> YOUR OBJECTIVE:
Repeat the lines from the one containing "Grimm Tales By" through the last line of the data, exactly, pictures omitted.

> Data records:
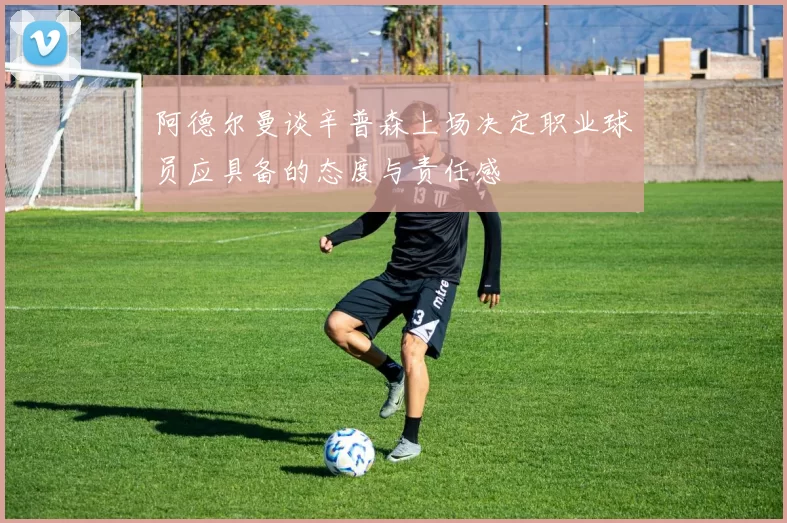 阿德尔曼谈辛普森上场决定职业球员应具备的态度与责任感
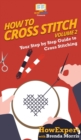 How To Cross Stitch : Your Step By Step Guide to Cross Stitching - Volume 2 - Book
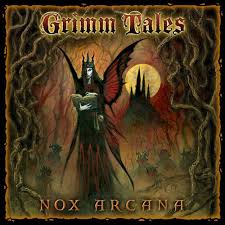 Grimm Tales By Nox Arcana Grimm Tales Grimm Halloween Music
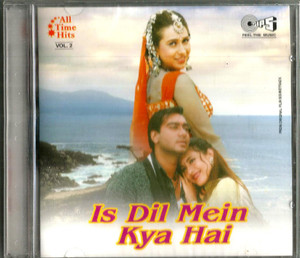 Is Dil Mein Kya Hai / All Time Hits Vol 2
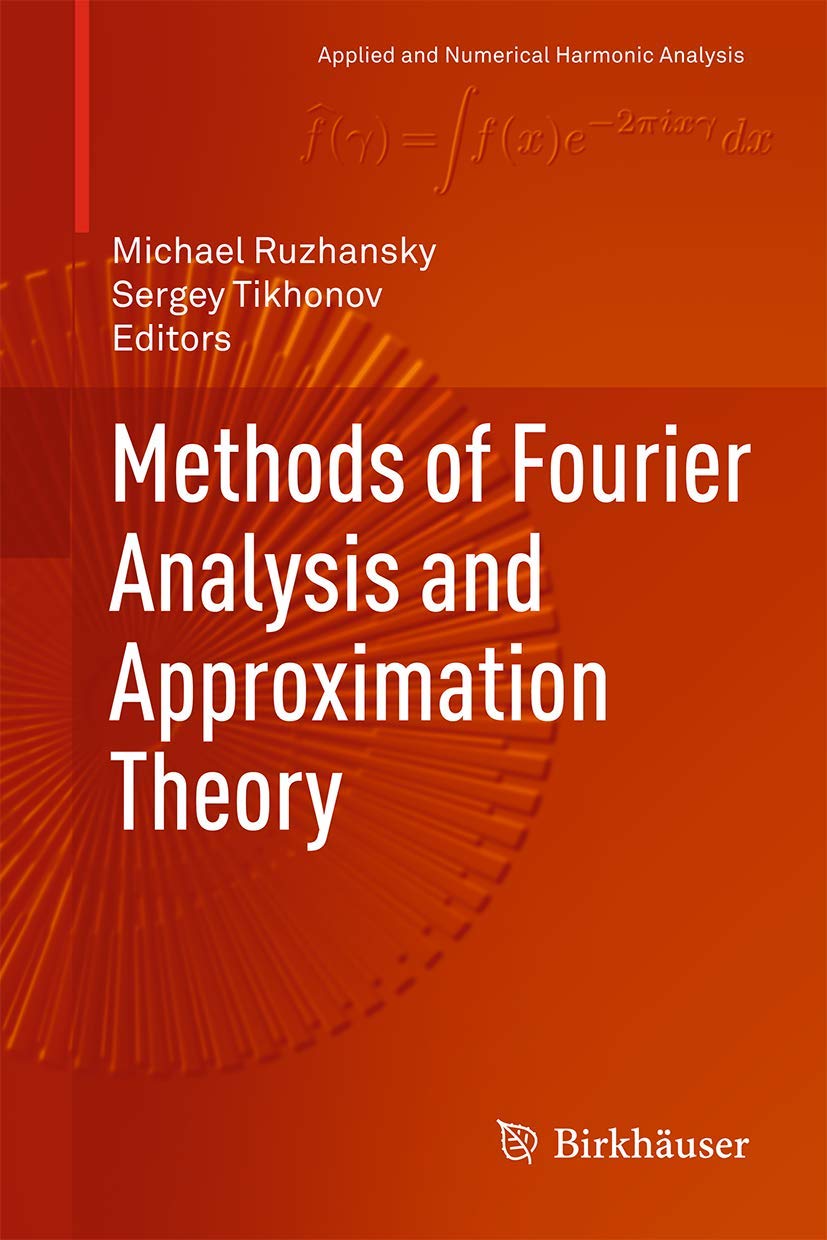 Buy Methods of Fourier Analysis and Approximation Theory (Applied and Numerical Harmonic Analysis) — BookShops.in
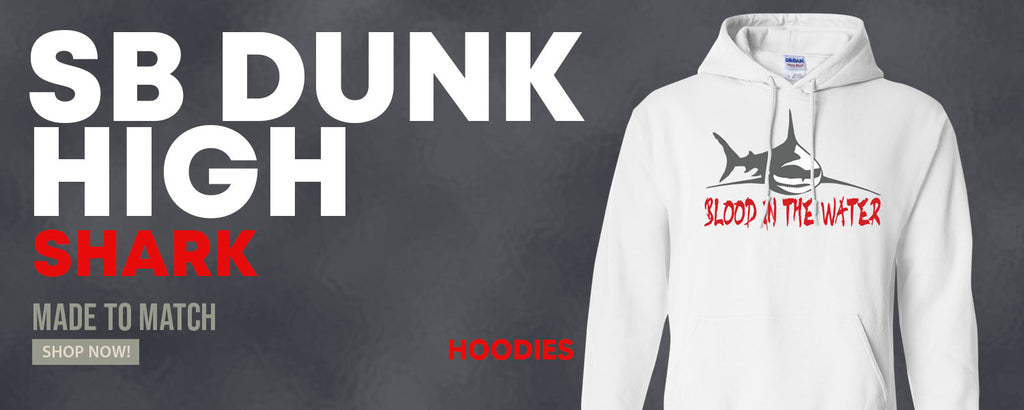 Shark High Dunks Pullover Hoodies to match Sneakers | Hoodies to match Shark High Dunks Shoes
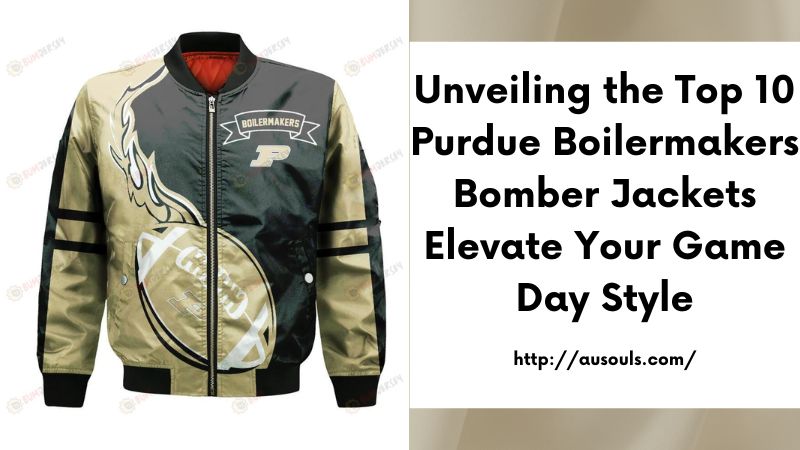 Unveiling the Top 10 Purdue Boilermakers Bomber Jackets Elevate Your Game Day Style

> SOLUTION TO THIS EXERCISE:
 Grimm Tales By Nox Arcana Grimm Tales Grimm Halloween Music
 Is Dil Mein Kya Hai / All Time Hits Vol 2
 Buy Methods of Fourier Analysis and Approximation Theory (Applied and Numerical Harmonic Analysis) — BookShops.in
 Shark High Dunks Pullover Hoodies to match Sneakers | Hoodies to match Shark High Dunks Shoes
 Unveiling the Top 10 Purdue Boilermakers Bomber Jackets Elevate Your Game Day Style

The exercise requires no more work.